Even this problem has ceased in some other reading devices, such as the Sony Reader that include a backlight, according to Honors English III teacher, Ann Helwig.
“You can also turn on the little light and read it in the back of the car when you’re driving along,” Helwig said.
Helwig said that she makes many sacrifices with her reading device, but it is worth it.
“I like the smell of books, but those of us who are readers, we are used to reading things like cereal boxes and billboards and people’s shirts; we don’t have a huge preference, we have an obsession,” Helwig said.
Along with ridding intimacy with the text, according to Helwig, buying bestsellers on reading devices can be expensive when compared to buying used books.
“[I use it] mostly for convenience and fun,” Helwig said.
According to Flake, the reading device is more practical in nearly every way to the printed text.
“If you read a normal book and you read it for an hour straight, then your eyes start hurting and they get all watery and you want to put it down and take a break; for the Kindle you don’t have to do that,” Flake said.
Vuotto said she can see the Kindle’s practicality beyond casual reading.
“I think [Kindles] probably will [replace books] in the future,” Vuotto said.

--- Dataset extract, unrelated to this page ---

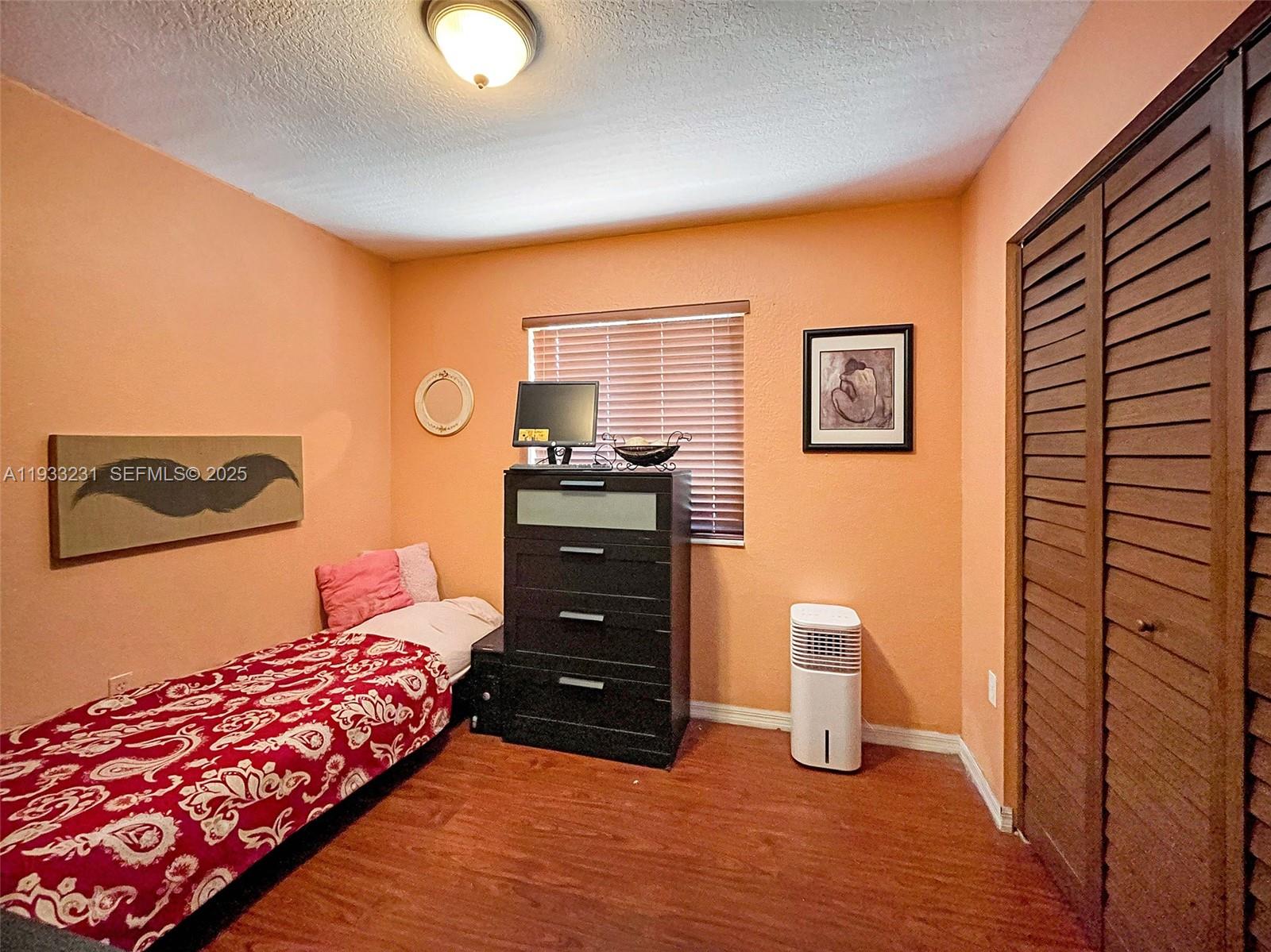 18003 Southwest 153rd Place Miami, FL 33187 - Photo 10 of 13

Vuotto has used the Kindle as a primary reading material in class and she said that it is much easier than using a book.
“You can find [quotes] — if you type something in you can find it very easily in any text,” Vuotto said.
Flake also said he enjoyed using the Kindle more than he would a regular book when he read for a summer assignment in Creative Writing. Reeder said he is skeptical of what effect a complete replacement of books with Kindles would have.
“[Kindles] can replace books, you just don’t get the same feeling with a Kindle that you do with the actual book,” Reeder said.
Trading all classroom literature for reading devices still would have its positives, according to Helwig.
“Wouldn’t you like that — not having to lug your books all over the place, especially the big fatty [books],” Helwig said.
Many reading devices have an annotation tool, making them a feasible transition from the physical text in the English classroom.
“I can make notes and highlight, just as if I had an actual book,” Robinson said.
Reeder said that despite the convenience of the Kindle, it is an unnatural incarnation of the text. The physical text has certain timeless capabilities that a Kindle may never possess, according to Reeder.
“I love picking up old books and seeing my thoughts from them 20 years ago,” Reeder said. “With a Kindle, I wouldn’t have that.”
In addition the Kindle lacks many books in its Amazon.com store and other reading devices have similar problems. According to senior Alex Chernyakhovsky, readers should choose between the Amazon Kindle, the Barnes and Noble Nook and the Sony Reader based on which online book library they enjoy the most, instead of which has the best features.
The technology of reading devices is no longer a matter of how much a reader can accept the shortage of tradition, according to Helwig: it is a must have for all readers.
“You have to have one,” Helwig said. “If you’re a reader how can you not get one of these?”